### Task goal
For the listing below, return the line containing "Black Prada Aviators", the line containing "Ravioles d'huîtres et lard, sauce aux cèpes", and all lines in between, exactly as written and nothing else.

### Given information
------------------------------------------------

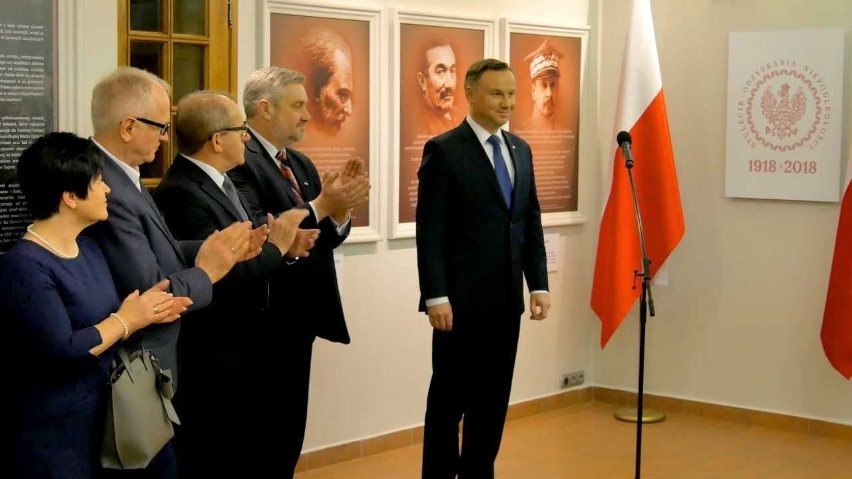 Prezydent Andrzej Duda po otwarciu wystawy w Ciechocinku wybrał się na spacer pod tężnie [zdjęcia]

------------------------------------------------

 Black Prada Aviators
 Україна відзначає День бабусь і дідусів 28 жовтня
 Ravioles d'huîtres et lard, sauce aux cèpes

------------------------------------------------

### Written answer
 Black Prada Aviators
 Україна відзначає День бабусь і дідусів 28 жовтня
 Ravioles d'huîtres et lard, sauce aux cèpes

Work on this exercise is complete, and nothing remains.